_Assignment:_
Once the line containing "Aerial shot of National Football Museum" is found in the records below, return it and each following line exactly, up to and including the line containing "Guess GUHCP13X4GMGBR hülle", and nothing else.
┌─ Working data
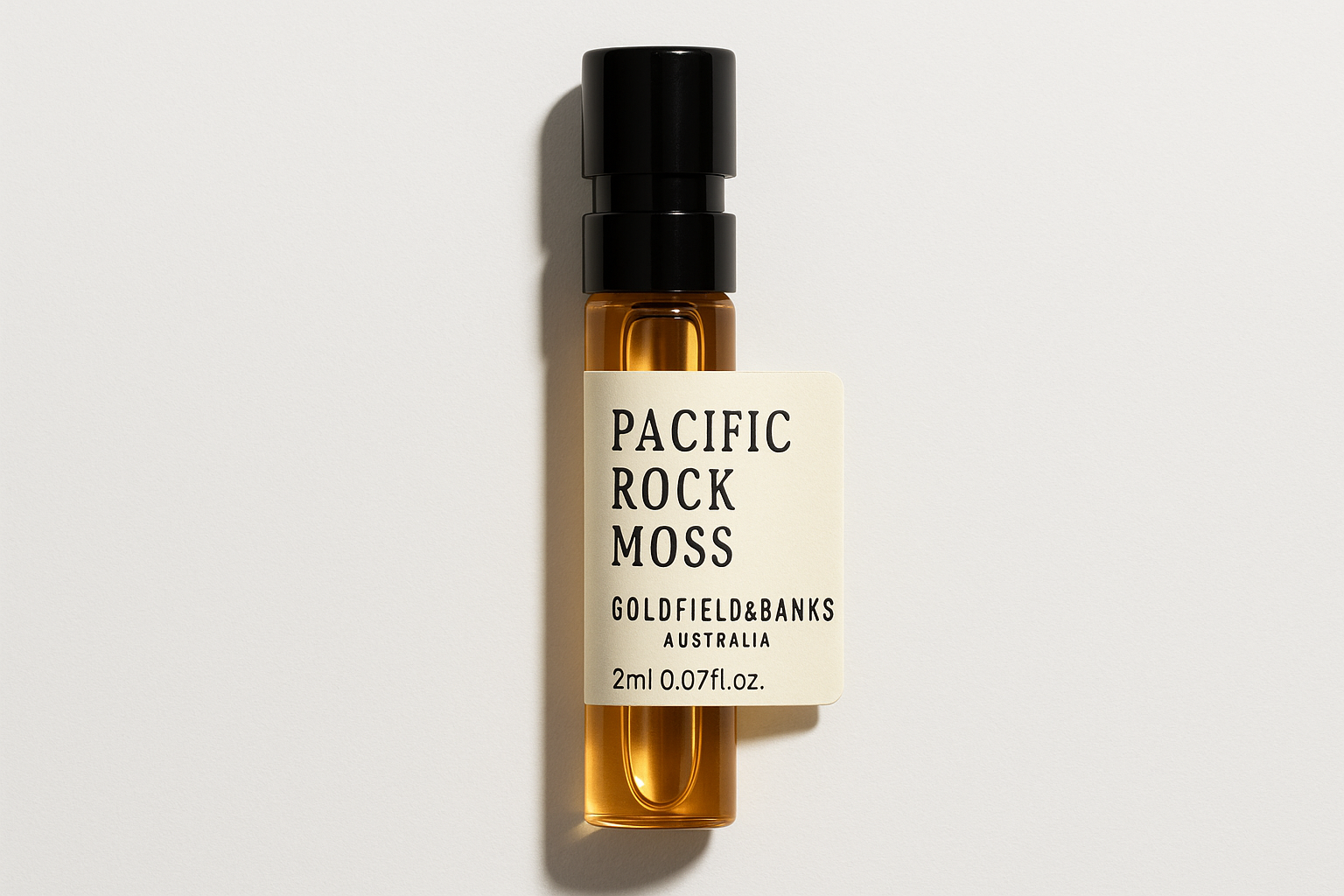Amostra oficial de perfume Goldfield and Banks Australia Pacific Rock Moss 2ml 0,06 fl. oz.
└─
┌─ Working data
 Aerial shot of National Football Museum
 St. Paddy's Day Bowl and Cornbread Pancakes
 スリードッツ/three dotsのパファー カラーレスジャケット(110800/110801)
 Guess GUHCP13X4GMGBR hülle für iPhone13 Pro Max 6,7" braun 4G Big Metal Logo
└─
_Task response:_
 Aerial shot of National Football Museum
 St. Paddy's Day Bowl and Cornbread Pancakes
 スリードッツ/three dotsのパファー カラーレスジャケット(110800/110801)
 Guess GUHCP13X4GMGBR hülle für iPhone13 Pro Max 6,7" braun 4G Big Metal Logo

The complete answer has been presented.